Motion and intransigence

June 5, 2008

The QCs' advice about the legality of the University and College Union motion "to consider the moral and political implications" of links with Israel smacks of political expediency ("QCs say bid to mull morality of Israeli links breaches law", 29 May).

No law can forbid me to consider the moral and political implications of anything. In the title words of the lied by the (Jewish) composer Mahler, Die Gedanken sind frei (thoughts are free). Moreover, to forbid someone to express an opinion about this would be a violation of academic freedom.

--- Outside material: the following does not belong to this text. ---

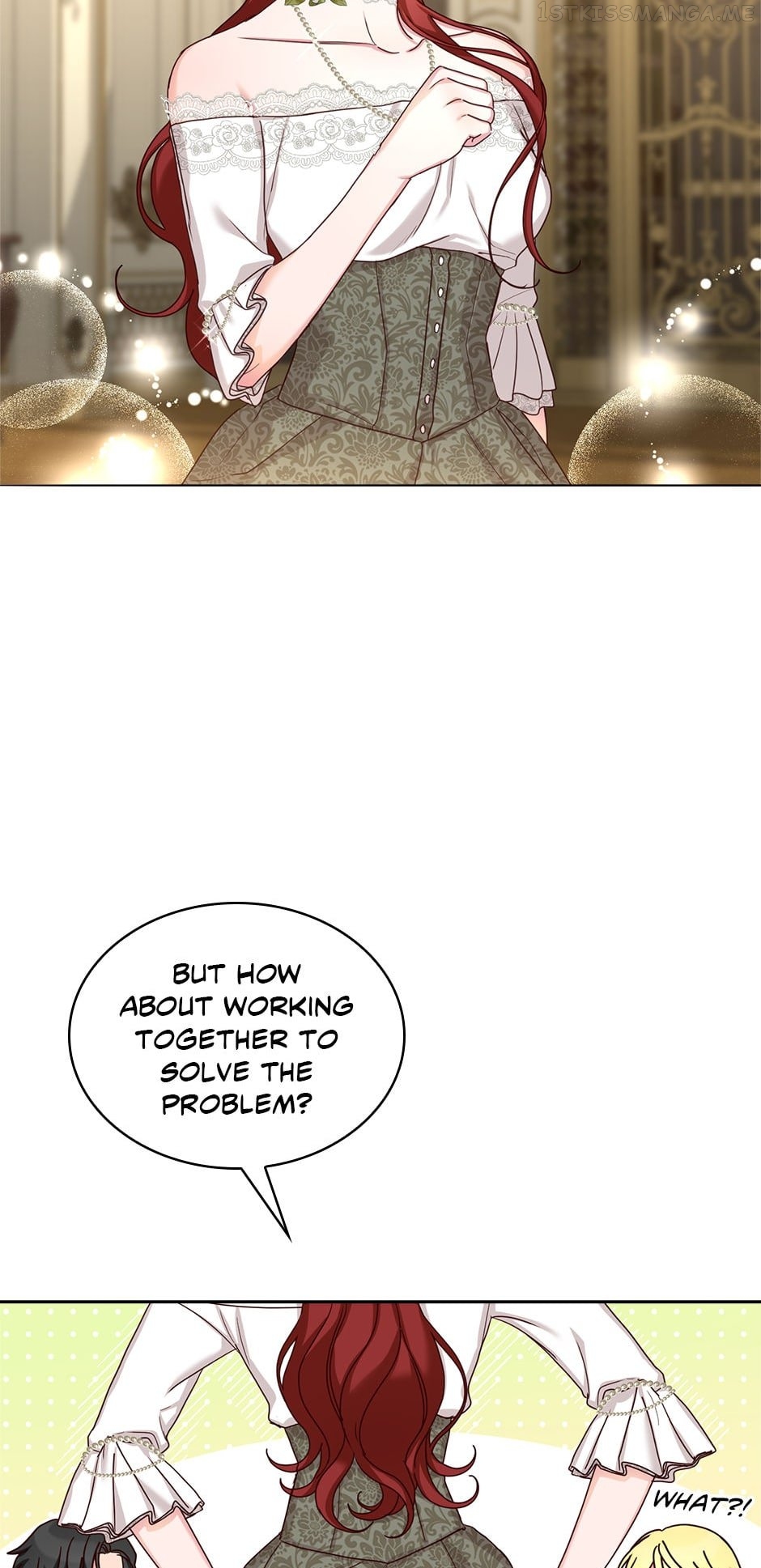 I’ll Just Live on as a Villainess Chapter 58 - page 18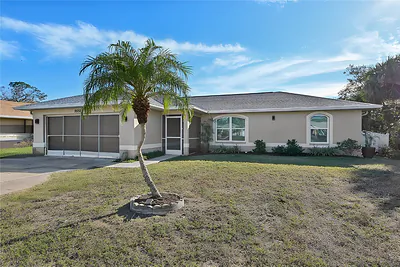 2551 MORRIETTA LANE North Port FL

But, worst of all, this legal opinion is based on a confusion between Israel as a country and being Jewish.

Speaking as a secular Jewish academic, I cannot be accused of anti-Semitism (the Zionists might charge me with being a self-hating Jew, but that's a stupid attempt at emotional blackmail), especially since my argument is that the behaviour of the Israeli state constitutes a gross violation of age-old Jewish moral teaching.

As for non-Jews, it need only be made clear that any action, positive or negative, recommended as a result of considering the moral and political implications of the issues, is directed against the state and its institutions, not against individuals or Jews as such.

Finally, why was the motion carried so overwhelmingly if not because of the stiff-necked refusal of the state of Israel and its institutions to consider the moral and political implications of their own actions and behaviour, which become more and more unconscionable and indefensible as time passes? Perhaps the vote would not have gained such enormous support if the truly terrible oppression of the Palestinians had been even a little curtailed, but the evidence is all the other way.

As independent-minded Jewish thinkers from Ahad Ha'am to Norman Finkelstein have variously maintained, the oppression of the Palestinians will end up destroying the Zionist dream, and the Zionists will have only themselves to blame.